I listen to a lot of folks talk about their Kubernetes strategy as a means of apportioning a finite, limited resource (compute) among a wide and varied set of people, usually application developers and operations nerds, with an eye toward isolation.
I have bad news for you.
Kubernetes isn’t about isolation, not in the security sense of the word anyway.
If you reduce containers down to their base essence (and I’m going to take a few liberties here, so bear with me), it’s about processes. Processes. Program binaries executing code in a virtually unique memory address space. Same kernel. Same user/group space. Sometimes, same filesystem and same PID space.
It’s all an elaborate set of carefully constructed smoke and mirrors that lets the Linux kernel provide different views of shared resources to different processes.
This has been most handy when paired with the OCI image standard, and some best practices from the Docker ecosystem – every container gets its own PID namespace; every container brings its own root filesystem with it, etc.
But you don’t have to abide by those rules if you don’t want to.
To wit: kubectl r00t
:
This little gem blows up the security charade of containers. Let’s unpack this, piece by piece.
#!/bin/bashexec kubectl run r00t -it --rm \
--restart=Never \
--image nah r00t \
--overrides '{"spec":{"hostPID": true, "containers":[{"name":"x","image":"alpine","command":["nsenter","--mount=/proc/1/ns/mnt","--","/bin/bash"],"stdin": true,"tty":true,"securityContext":{"privileged":true}}]}}' "[email protected]"
The kubectl run r00t -it --rm --restart=Never
bits tell Kubernetes that we want to execute a single Pod (no Deployment here thank you very much), and when that Pod exits, we’re done.

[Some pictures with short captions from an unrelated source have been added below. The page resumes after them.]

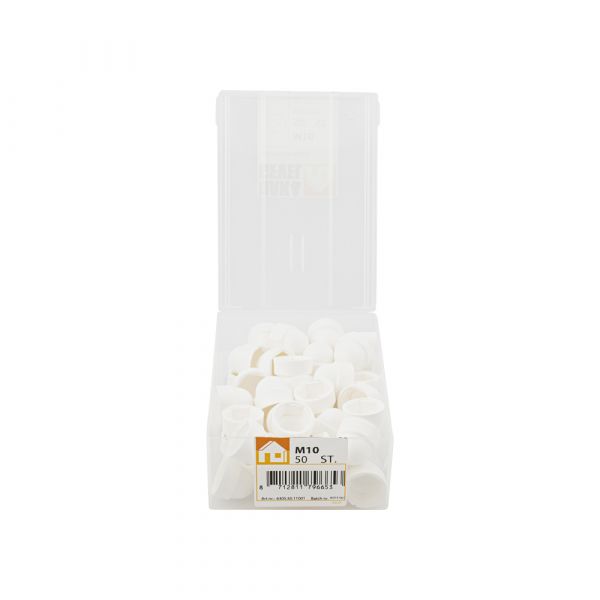 Tapa tuerca m10 plastico blanco bote 50uds.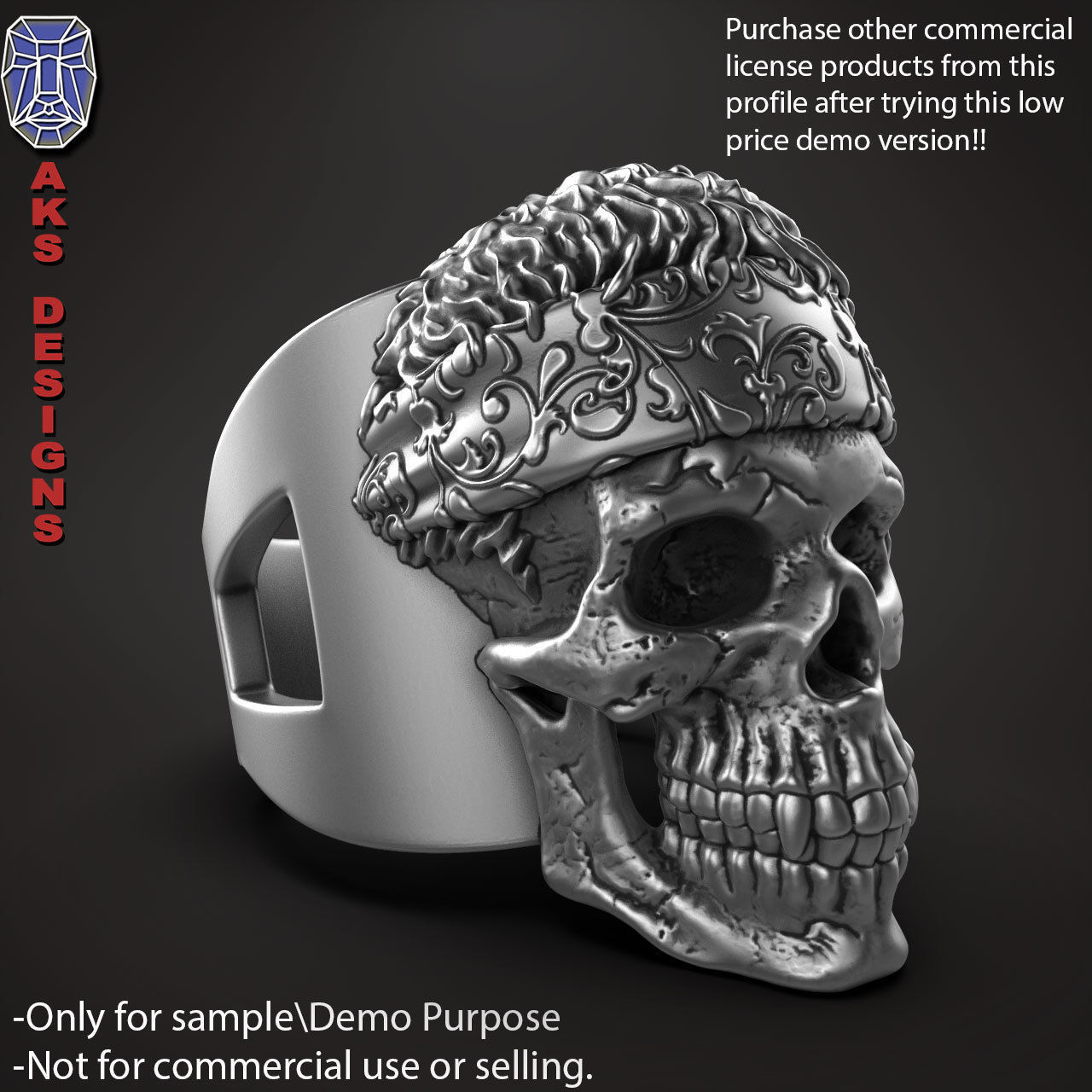 Biker skull with scarf 1 ring jewelry Demo version 3D print model_12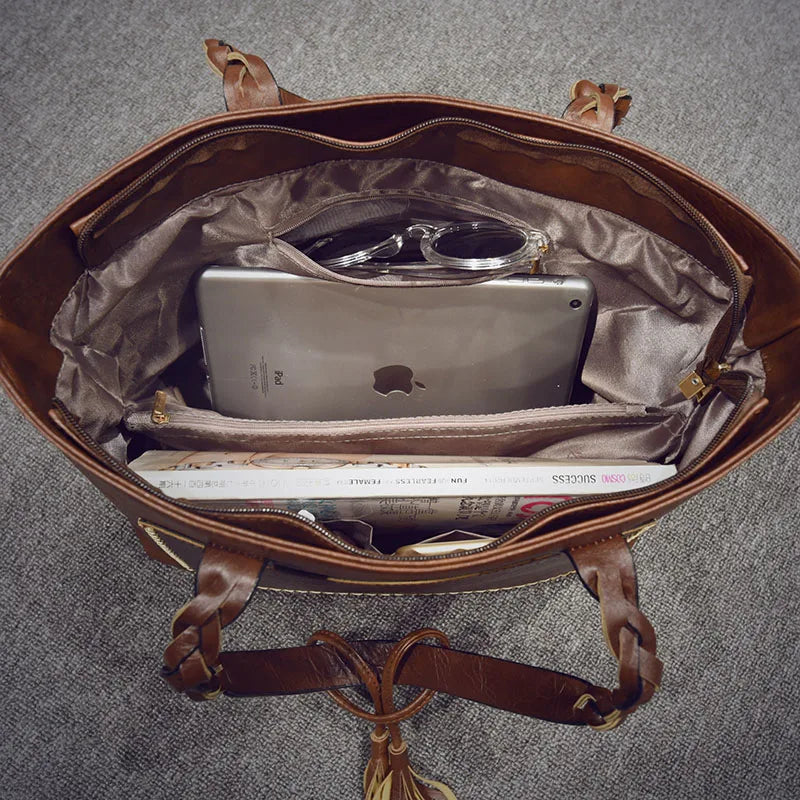 Women Messenger Bags With Tassel Large Capacity Women Bags Shoulder Tote Bags Famous Designers PU Leather Handbags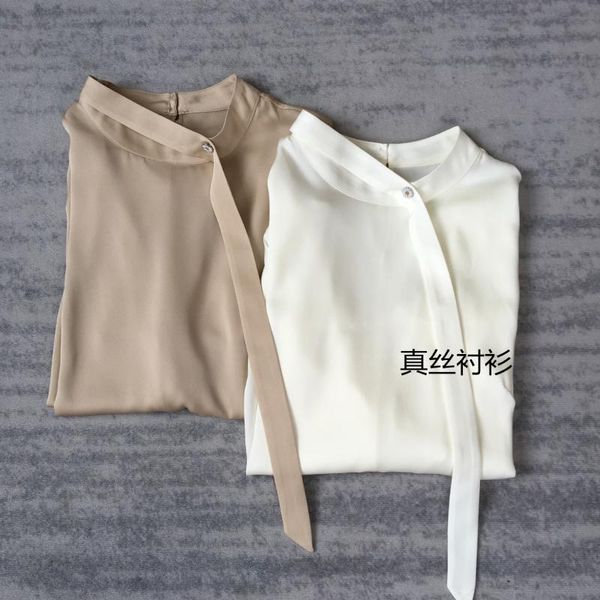 

women's jackets 2021 spring silk long sleeve round neck ribbon design loose shirt female, Black;brown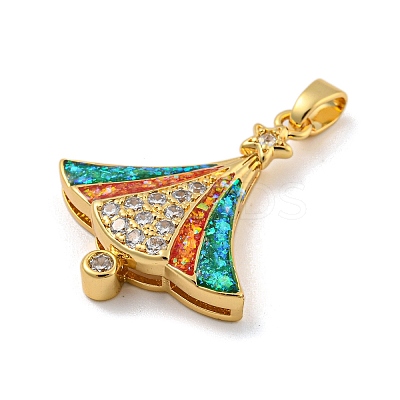 Christmas Brass Micro Pave Cubic Zirconia Pendants KK-H468-03A-01G-1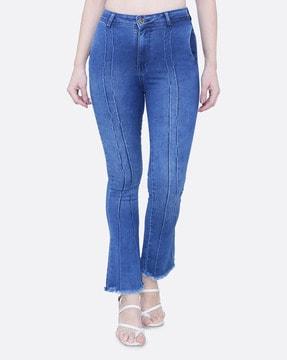 high-rise bootcut jeans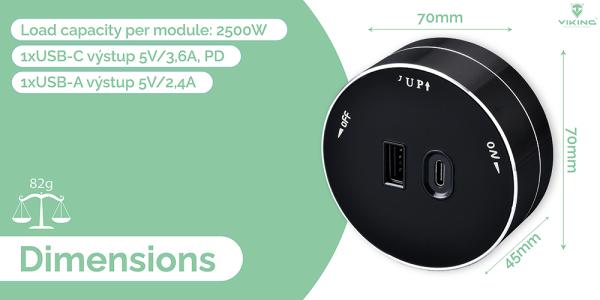 Zásuvkový modul Viking A60SB, strieborno-čierna/ výstupy - 1xUSB-A, 1xUSB-C/ výkon až 2500W/ 230V, 16A, 50Hz 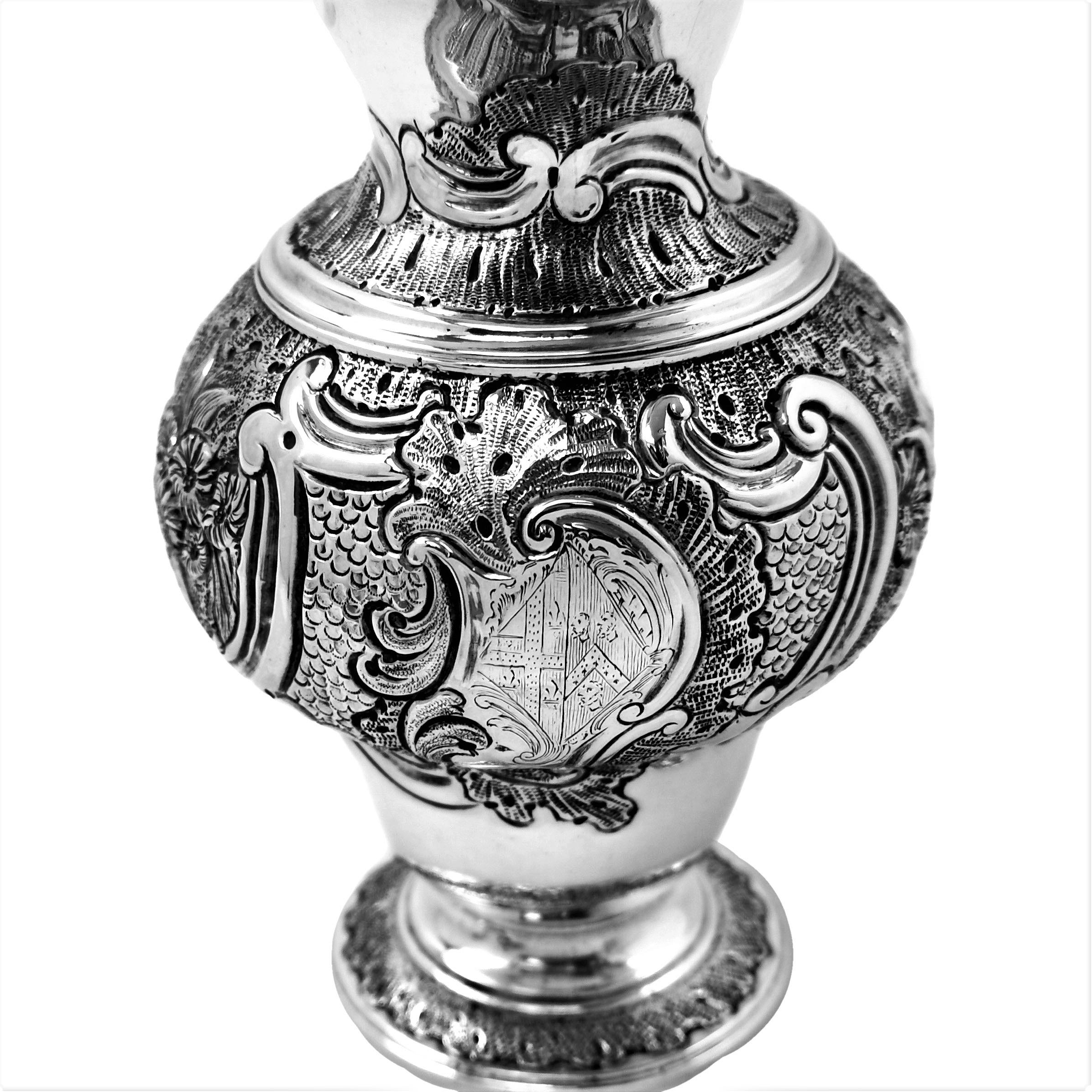 English Antique George II Sterling Silver Cream Jug / Milk Jug c 1750 18th Century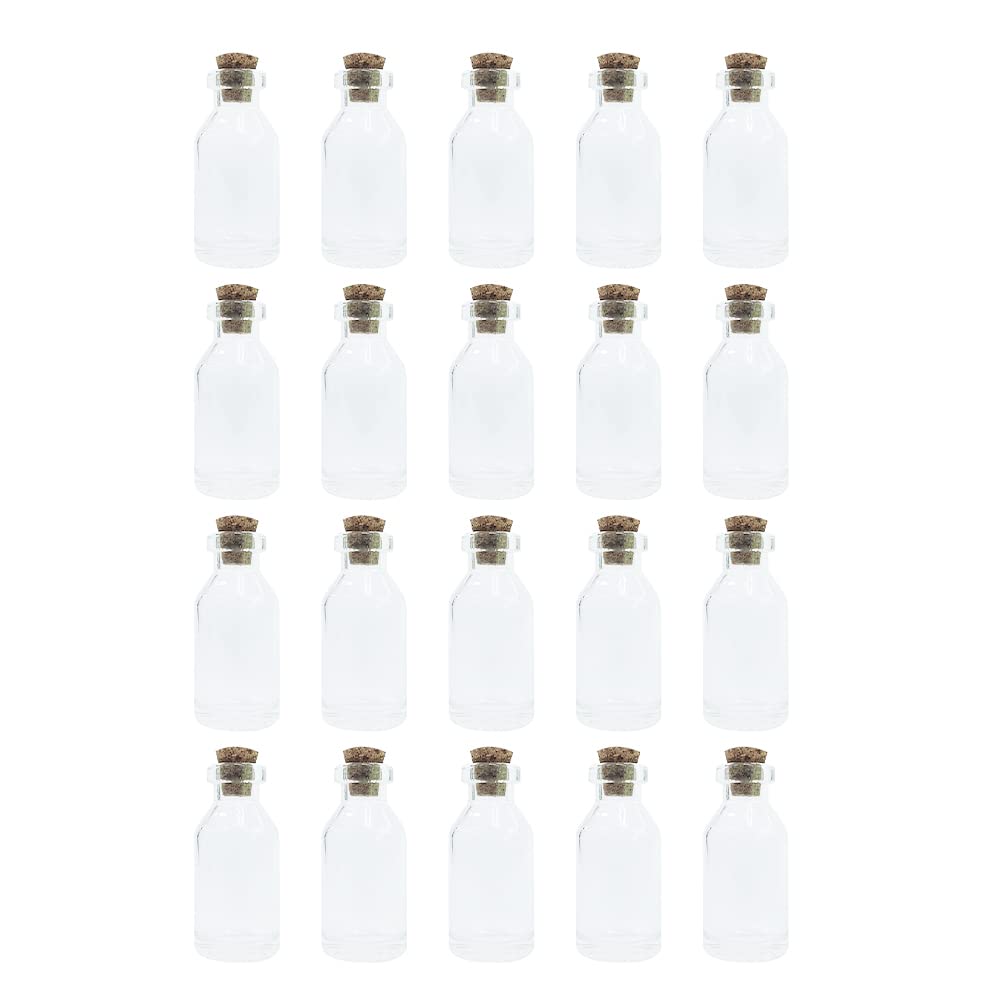 WYAN 20Pcs 5ML mini glass bottle,mini glass bottles with cork,shot bottles wedding favours,for DIY Arts Crafts Decoration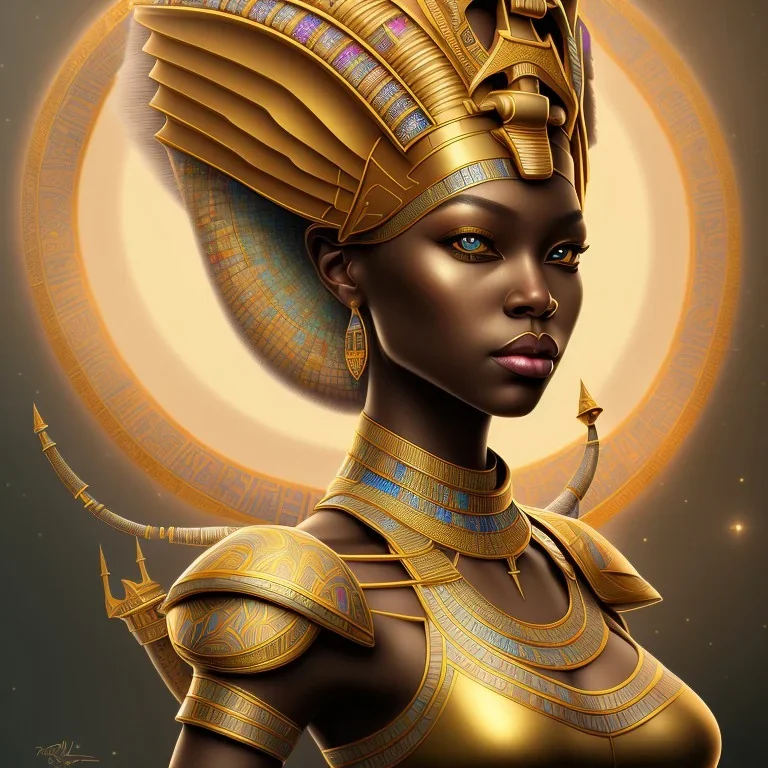 sango fantasy, fantasy magic, intricate, sharp focus, illustration, highly detailed, digital painting, concept art, matte, masterpiece head sexy view black African beauty black afro hair earth lady gold falcon head Egyptian princess pyramid sphinx background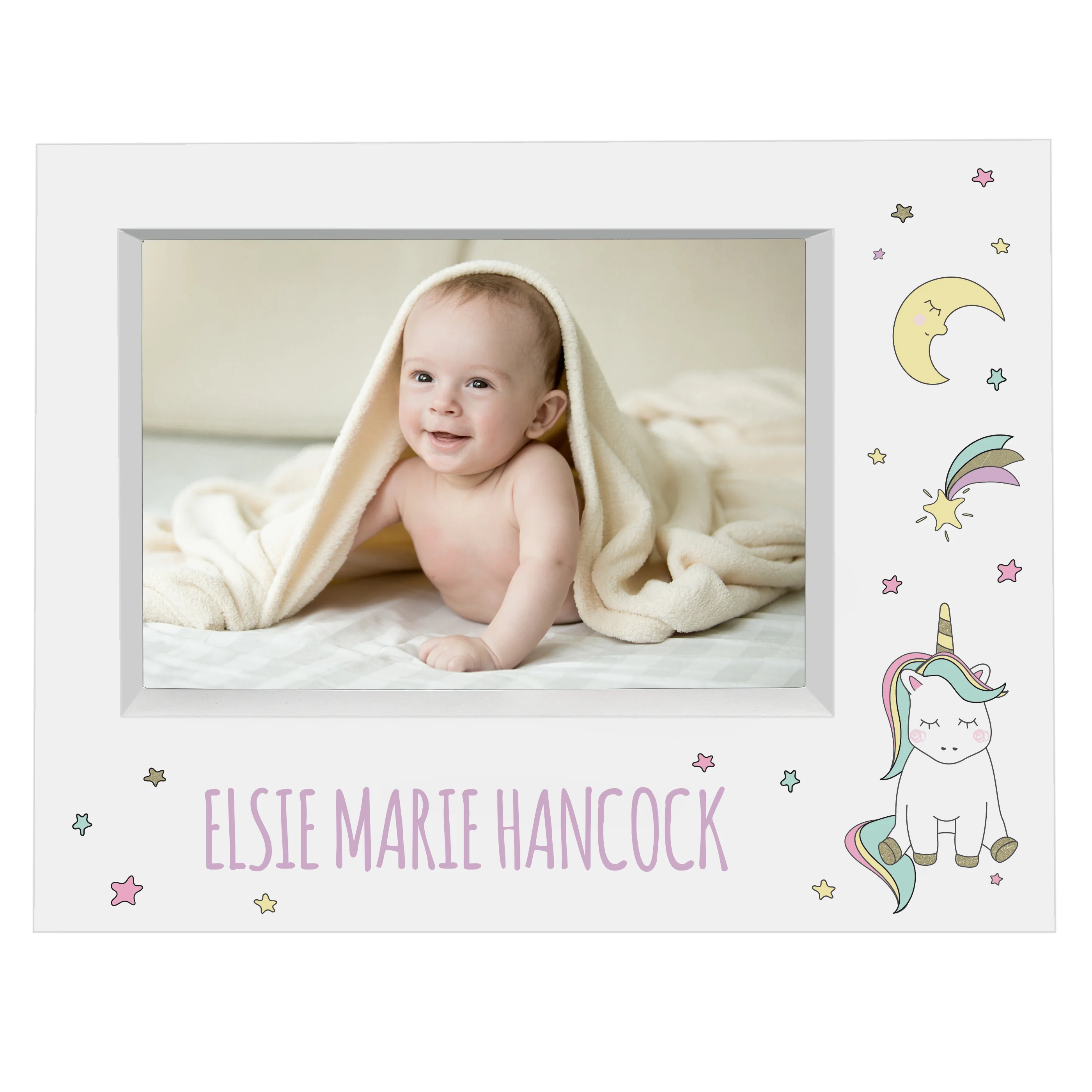 Personalised Baby Unicorn 5x7 Landscape Box Photo Frame - Image 4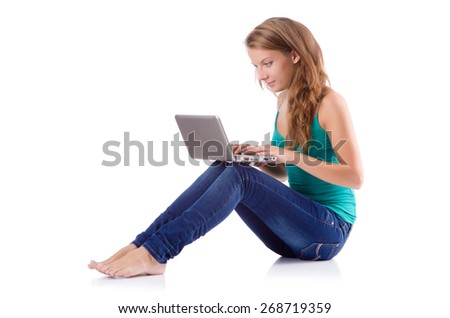Pretty girl using laptop isolated on white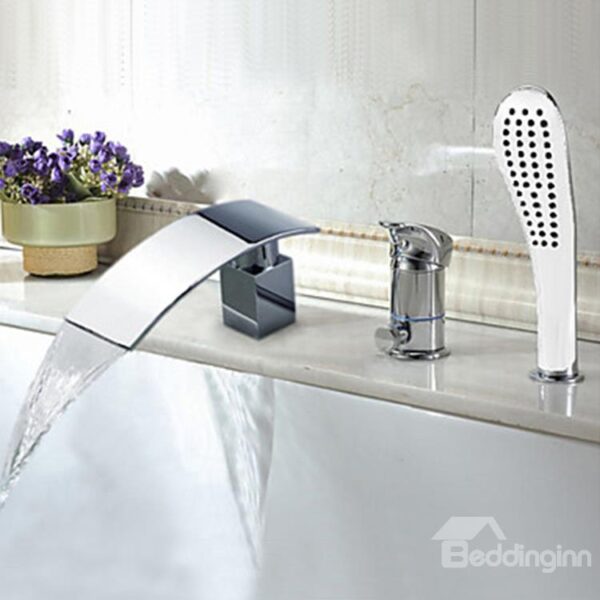 Amazing Chrome Finish Widespread Waterfall Bathtub Faucet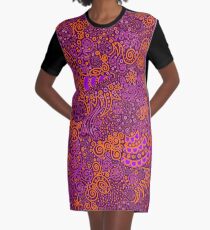 Orange, Pink, and Purple Doodle Pattern Graphic T-Shirt Dress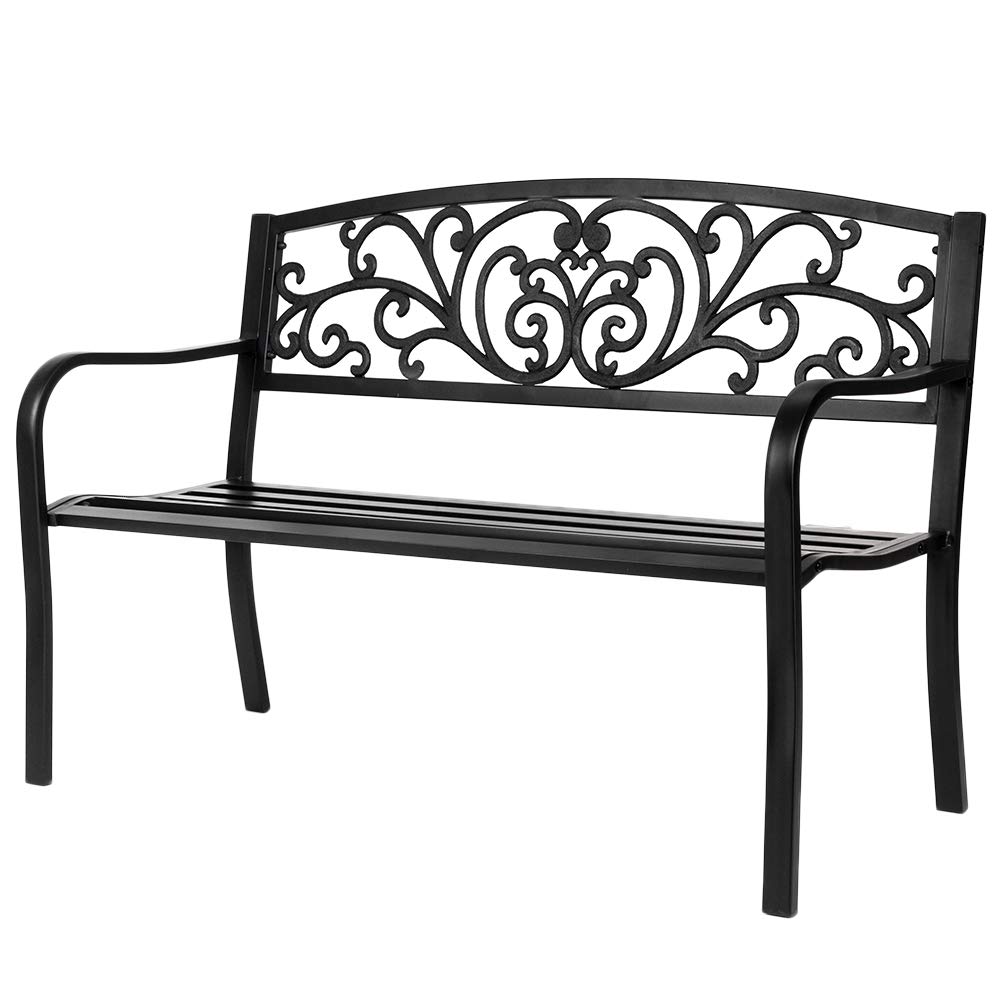 Elegant Antique-Designed Metal Garden Bench Cushion - Durable Outdoor Seat Cushion for Porch, Park & Yard - Waterproof & Comfortable (Black) - Perfect for Relaxing in Gardens, Patios & Outdoor Spaces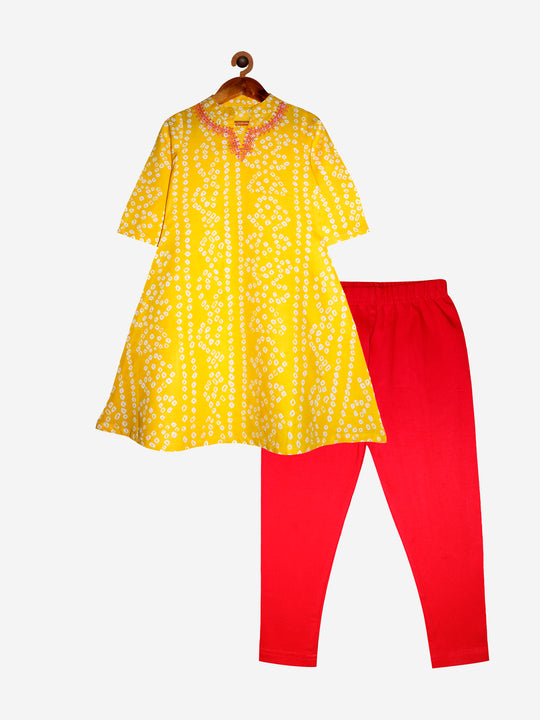 Girls Printed Kurta and Leggings Set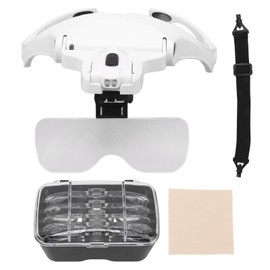 Headband Magnifier Hands Free 1X 1.5X 2X 2.5X 3 .5X Head Mount Magnifier with LED Light for Close Work Reading Sewing
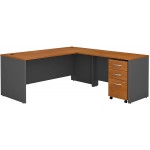 Bush Business Furniture Series C 72W L Shaped Desk with 48W Return and Mobile File Cabinet in Natural Cherry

Think of it as an analog to docker run -it --rm
.
The next bits --image nah
and --overrides ...
let us modify the generated YAML of the Pod resource. The kubectl run
command requires that we specify an image to run and a name for the pod, but we’re just going to override those value with --overrides
, so you can put (quite literally) anything you want here.
That brings us to the JSON overrides. For sanity’s sake, let’s reformat that blob of JSON to be a bit more readable, and turn it back into YAML via spruce:
spec:
hostPID: true
containers:
- image: alpine
name: x
stdin: true
tty: true
securityContext:
privileged: true
command: [nsenter, --mount=/proc/1/ns/mnt, --, /bin/bash]
The first thing we do is pop this pod (and all of its containers) into the Kubernetes node’s hostPID
namespace. By default, containers get new process ID namespaces inside the kernel – the first process executed becomes “PID 1”, and gets all the benefits that PID 1 normally gets – automatic inheriatnce of child processes, special signal delivery, etc. A side-effect of being in the Kubernetes node’s PID namespace is that /proc/1
refers to the actual init process of the VM / physical host – this will become exceedingly important in just a bit.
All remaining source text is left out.